Incommunion

The Execution of Philip Workman

by Fr. John Oliver III

Vigil outside the prison the night of Philip Workman's execution. Photo by Harry Simpson.

Shortly after the sun set, the evening routine in our house is well underway. Dinner dishes litter the kitchen counters; children rifle through drawers looking for pajamas; and my wife and I scour the corners of our being in search of enough energy to complete the day. But the whole routine, tonight - May 8th, 2007 - seems stained with absurdity: for after I tuck my giggling children into bed, I will leave the house to stand vigil with others at our local federal penitentiary, where Philip Workman is scheduled to be executed at 1:00 a.m, for a crime he probably did not commit.

For the heart of the Christian - open, warm, and breakable - that last detail is, in one sense, irrelevant. Not because guilt and innocence do not matter, but because a human being is about to die. Competent legal minds on both sides of this case - and all capital punishment cases - weave together a dizzying tapestry of facts to establish guilt or innocence. Competent Christian minds on both sides of this case - and all capital punishment cases - struggle with conscience, with Old Testament law and New Testament transcendence of the law; they struggle with a state's right to take a life and how a believer in God, the Giver of Life, should feel about that. But after all struggle, after all consideration and debate, surely one thing must remain and unite all Christians: mourning.

We remember St. Isaac the Syrian for, among other things, his description of a merciful heart: "It is a heart burning for the sake of the entire creation," he writes in his eighth homily, "for humanity, for birds, for animals, for every created thing.
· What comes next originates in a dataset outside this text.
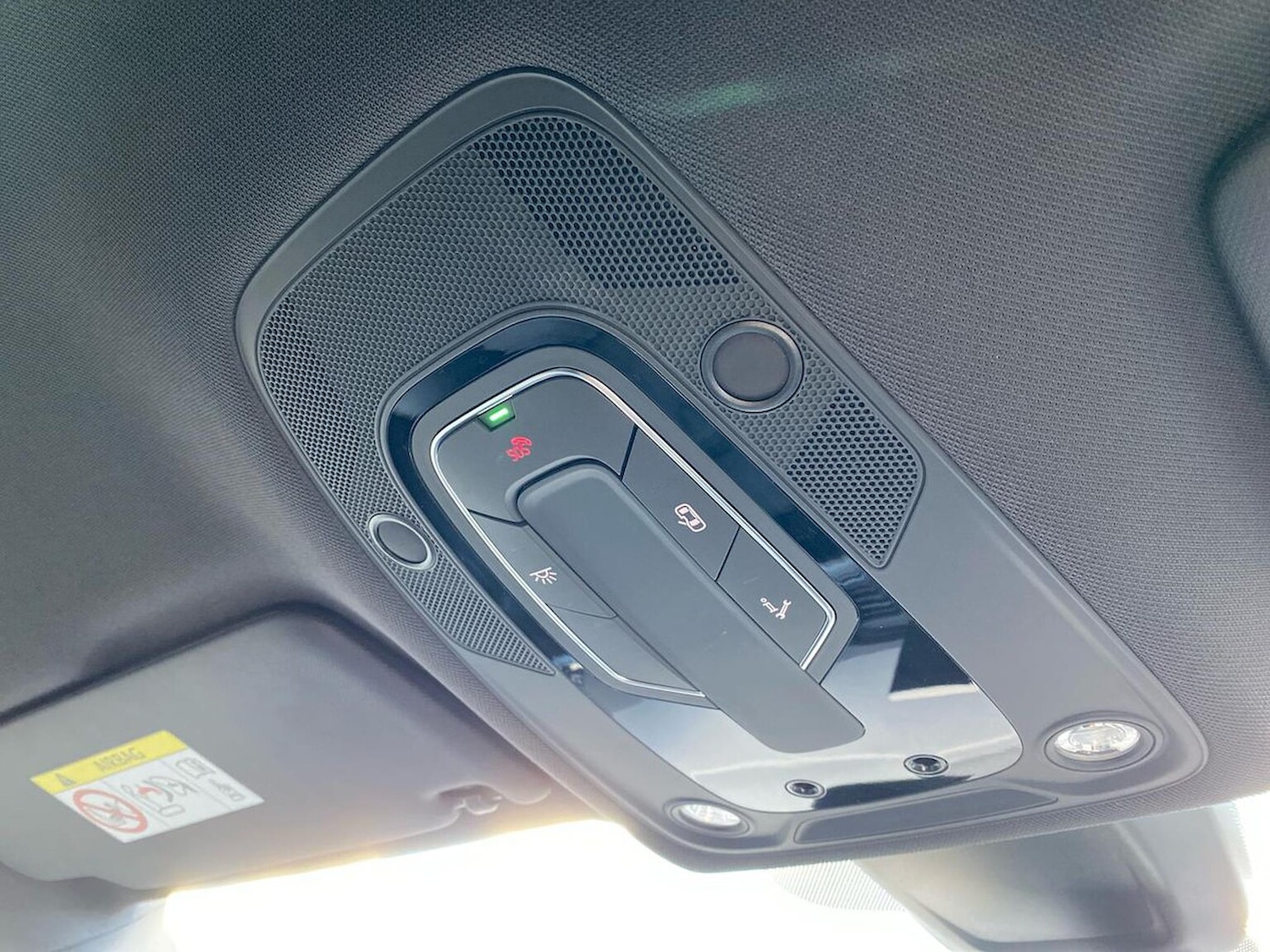 Used Audi Q5 2023 for sale - 76637793: Photo 14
From the mercy which grips his heart, the merciful man is humbled and cannot bear to hear or see any injury or slight sorrow in creation. For this reason, he continually offers up tearful prayer, even for irrational beasts, for the enemies of the truth, and for those who harm him, that they be protected and receive mercy."

It is now 10:35 pm. I drive through the night and finally see the distant floodlights of the prison. Police cars are everywhere, and guards have blocked the entrance to the prison, keeping things orderly. Peace on the outside; pain on the inside. News vans, each with an antenna spiraling up from the roof, idle by the entrance.
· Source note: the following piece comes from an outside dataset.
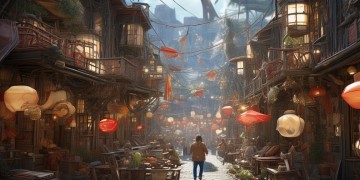 芜湖物业管理究竟涵盖什么？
Beyond the prison, a fenced-in field holds about eighty persons who have gathered quietly to protest the state-sponsored execution of Philip Workman. They appear as young as twenty and as old as eighty. They look like musicians and office people and housewives and college students and grandparents. Many look sleepy. Most folks cluster in groups of three or four, while some individuals kneel near the fence-line facing the prison, presumably in prayer. Every once in a while, there is laughter.

Two hours before the execution, and there is not much newsworthy. The screaming and sign-waving between pros and cons that often mark controversial events are totally absent here. If anyone supports this execution, he or she is keeping it secret. Speakers address us in quiet tones about how wrong the state is in doing this, about the exonerating evidence the state refuses to consider. We hear from persons who have lost loved ones to murder - one woman, her only son; another man, his mother - yet say they do not hate and do not wish to see the killers killed. The victim and his family - who, interestingly, share my last name - are remembered, too; peace and closure are hoped for them.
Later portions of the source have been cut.